# Your objective:
Within the data that follows, set down exactly the lines from the one containing "a kitchen with" through the one containing "Low angle view", both ends included.

(Data records)
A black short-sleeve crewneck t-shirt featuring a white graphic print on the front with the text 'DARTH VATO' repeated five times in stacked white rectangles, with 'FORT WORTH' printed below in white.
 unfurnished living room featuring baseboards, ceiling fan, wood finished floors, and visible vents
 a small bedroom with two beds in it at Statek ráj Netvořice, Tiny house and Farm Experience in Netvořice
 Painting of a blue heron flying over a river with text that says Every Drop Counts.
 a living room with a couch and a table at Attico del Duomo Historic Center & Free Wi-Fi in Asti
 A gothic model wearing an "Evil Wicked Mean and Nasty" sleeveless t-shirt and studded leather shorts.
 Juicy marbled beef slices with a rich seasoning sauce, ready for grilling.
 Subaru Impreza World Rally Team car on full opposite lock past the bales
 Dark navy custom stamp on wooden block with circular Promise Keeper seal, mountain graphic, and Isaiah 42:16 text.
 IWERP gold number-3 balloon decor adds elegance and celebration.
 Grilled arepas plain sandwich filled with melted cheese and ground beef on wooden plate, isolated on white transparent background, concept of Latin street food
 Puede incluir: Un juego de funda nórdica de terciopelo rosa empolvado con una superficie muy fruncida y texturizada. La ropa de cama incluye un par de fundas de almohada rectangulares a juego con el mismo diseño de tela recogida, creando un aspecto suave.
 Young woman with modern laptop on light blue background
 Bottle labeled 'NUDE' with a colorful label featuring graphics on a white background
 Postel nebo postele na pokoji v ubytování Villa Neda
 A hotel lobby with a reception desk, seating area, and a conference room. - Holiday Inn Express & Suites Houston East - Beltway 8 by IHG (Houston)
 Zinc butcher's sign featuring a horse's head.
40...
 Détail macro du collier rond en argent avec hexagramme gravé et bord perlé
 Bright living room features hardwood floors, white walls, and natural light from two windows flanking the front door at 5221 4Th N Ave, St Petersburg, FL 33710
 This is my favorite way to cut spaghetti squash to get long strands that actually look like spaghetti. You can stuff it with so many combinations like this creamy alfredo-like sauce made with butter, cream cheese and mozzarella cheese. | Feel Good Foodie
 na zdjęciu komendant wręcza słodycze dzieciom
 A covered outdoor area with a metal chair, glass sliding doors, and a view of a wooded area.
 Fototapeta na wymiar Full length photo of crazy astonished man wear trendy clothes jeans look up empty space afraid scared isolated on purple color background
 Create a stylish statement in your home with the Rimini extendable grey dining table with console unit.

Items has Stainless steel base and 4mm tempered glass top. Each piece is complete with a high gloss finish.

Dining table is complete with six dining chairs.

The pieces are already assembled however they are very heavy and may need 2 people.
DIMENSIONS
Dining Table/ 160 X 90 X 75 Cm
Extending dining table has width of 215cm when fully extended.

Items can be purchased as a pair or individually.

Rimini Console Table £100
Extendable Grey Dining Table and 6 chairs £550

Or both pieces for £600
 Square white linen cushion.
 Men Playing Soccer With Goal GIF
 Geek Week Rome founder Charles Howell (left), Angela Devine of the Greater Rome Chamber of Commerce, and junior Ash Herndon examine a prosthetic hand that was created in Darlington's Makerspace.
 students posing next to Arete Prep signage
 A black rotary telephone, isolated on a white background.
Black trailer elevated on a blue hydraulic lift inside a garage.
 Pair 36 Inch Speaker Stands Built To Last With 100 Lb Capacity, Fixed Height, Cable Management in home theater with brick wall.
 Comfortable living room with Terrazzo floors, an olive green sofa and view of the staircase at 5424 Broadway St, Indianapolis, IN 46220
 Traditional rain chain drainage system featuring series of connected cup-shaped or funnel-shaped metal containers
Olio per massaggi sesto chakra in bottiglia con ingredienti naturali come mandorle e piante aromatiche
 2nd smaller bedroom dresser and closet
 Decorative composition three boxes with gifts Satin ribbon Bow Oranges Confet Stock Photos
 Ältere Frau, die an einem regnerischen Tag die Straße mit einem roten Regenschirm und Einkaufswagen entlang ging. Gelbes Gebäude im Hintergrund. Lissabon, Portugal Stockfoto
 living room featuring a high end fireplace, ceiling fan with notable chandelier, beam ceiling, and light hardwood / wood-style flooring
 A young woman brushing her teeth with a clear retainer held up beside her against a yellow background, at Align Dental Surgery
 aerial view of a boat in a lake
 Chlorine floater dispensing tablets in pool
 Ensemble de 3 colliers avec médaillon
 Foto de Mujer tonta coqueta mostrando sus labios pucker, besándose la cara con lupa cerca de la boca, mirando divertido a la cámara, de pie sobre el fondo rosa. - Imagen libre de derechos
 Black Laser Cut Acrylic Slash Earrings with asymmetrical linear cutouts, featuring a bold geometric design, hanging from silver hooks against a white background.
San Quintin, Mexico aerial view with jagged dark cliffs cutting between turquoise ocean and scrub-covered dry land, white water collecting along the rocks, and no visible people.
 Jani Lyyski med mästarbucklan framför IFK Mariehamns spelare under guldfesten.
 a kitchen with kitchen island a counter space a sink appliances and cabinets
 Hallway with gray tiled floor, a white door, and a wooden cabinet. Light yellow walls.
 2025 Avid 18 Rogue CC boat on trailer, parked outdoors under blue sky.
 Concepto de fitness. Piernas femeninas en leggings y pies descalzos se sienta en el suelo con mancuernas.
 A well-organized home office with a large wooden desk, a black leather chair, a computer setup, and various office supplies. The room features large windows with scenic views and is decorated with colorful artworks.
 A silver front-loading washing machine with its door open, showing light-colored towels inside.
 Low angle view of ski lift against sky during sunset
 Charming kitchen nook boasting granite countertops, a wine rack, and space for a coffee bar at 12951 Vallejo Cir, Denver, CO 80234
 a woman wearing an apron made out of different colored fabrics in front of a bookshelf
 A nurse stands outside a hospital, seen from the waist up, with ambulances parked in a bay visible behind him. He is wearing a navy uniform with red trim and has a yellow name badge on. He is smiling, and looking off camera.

# Written answer:
 a kitchen with kitchen island a counter space a sink appliances and cabinets
 Hallway with gray tiled floor, a white door, and a wooden cabinet. Light yellow walls.
 2025 Avid 18 Rogue CC boat on trailer, parked outdoors under blue sky.
 Concepto de fitness. Piernas femeninas en leggings y pies descalzos se sienta en el suelo con mancuernas.
 A well-organized home office with a large wooden desk, a black leather chair, a computer setup, and various office supplies. The room features large windows with scenic views and is decorated with colorful artworks.
 A silver front-loading washing machine with its door open, showing light-colored towels inside.
 Low angle view of ski lift against sky during sunset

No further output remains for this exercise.